Recent

Author Topic: A simple sane question to end insanity! TStringList in unicode mode  (Read 24102 times)

EganSolo

  • Sr. Member
  • ****
  • Posts: 290
Re: A simple sane question to end insanity! TStringList in unicode mode
« Reply #15 on: August 15, 2017, 09:37:58 am »
My apologies, JuhaManninen, I did read the page with the link you gave me but I was not able to understand it. It must be me, so let me take a second read and see what it says exactly.

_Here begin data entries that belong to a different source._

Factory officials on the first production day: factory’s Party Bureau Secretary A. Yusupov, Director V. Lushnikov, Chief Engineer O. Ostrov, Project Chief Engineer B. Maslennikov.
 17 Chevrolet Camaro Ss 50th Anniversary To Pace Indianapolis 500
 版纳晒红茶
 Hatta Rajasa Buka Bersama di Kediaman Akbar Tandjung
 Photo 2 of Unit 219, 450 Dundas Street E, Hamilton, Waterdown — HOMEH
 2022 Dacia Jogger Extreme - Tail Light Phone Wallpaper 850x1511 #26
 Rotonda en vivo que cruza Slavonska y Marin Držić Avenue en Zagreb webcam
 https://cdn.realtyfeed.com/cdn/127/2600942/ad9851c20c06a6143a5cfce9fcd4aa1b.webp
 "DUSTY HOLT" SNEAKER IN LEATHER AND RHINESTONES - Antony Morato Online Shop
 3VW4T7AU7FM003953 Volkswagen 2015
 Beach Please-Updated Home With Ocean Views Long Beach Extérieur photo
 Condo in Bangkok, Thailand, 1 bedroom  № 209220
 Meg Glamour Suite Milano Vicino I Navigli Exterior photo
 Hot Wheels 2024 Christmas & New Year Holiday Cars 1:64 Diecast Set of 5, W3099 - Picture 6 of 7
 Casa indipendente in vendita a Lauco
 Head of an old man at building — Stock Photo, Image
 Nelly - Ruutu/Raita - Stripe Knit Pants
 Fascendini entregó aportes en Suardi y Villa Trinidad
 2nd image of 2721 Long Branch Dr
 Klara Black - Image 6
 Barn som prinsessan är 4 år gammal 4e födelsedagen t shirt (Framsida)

Not trying to be difficult.  :) It's just this is not a straightforward topic.

EganSolo

  • Sr. Member
  • ****
  • Posts: 290
Re: A simple sane question to end insanity! TStringList in unicode mode
« Reply #16 on: August 15, 2017, 10:46:53 am »
So, I've read these pages again and I hope I understood this right.
Here's a sample program I wrote, based on what I thought I read in these pages...
Code: Pascal  [Select][+][-]
  1. program Project1;
  2. Uses LazUTF8, Classes;
  3. Var SL : TStringList;
  4. begin
  5.   SL := TStringList.Create;
  6.  
  7.   With Sl do
  8.   begin
  9.     Sorted        := true;
  10.     CaseSensitive := True;
  11.     Add('Garçon'  );
  12.     Add('Èternuer');
  13.     Add('éternuer');
  14.     Add('B');
  15.     Add('a');
  16.     //Next line does not compile
  17.     //Add(StringOfChar('ö', 5));
  18.   end;
  19.   Writeln('1: ' , SL[0]);
  20.   Writeln('2: ' , SL[1]);
  21.   Writeln('3: ' , SL[2]);
  22.   Writeln('4: ' , SL[3]);
  23.   Writeln('5: ' , SL[4]);
  24.   readln;
  25.   SL.Free;
  26. end.                
  27.  

When I run this code, I get the following output:
1: a
2: B
3: éternuer
4: Eternuer
5: Garçon

Three things to note:
  • Is 'a' supposed to be less than 'B'? In the ascii table, 'a' is greater than 'B'. Am I forgetting to switch to the right code page?
  • The accent on the upper E is missing... it should be É but I get back E.
  • StringOfChar seems to be hardcoded to ansiChar and it does not seem to switch to unicode. In fact, if you uncomment the one commented line of code, you'll get a compiler error.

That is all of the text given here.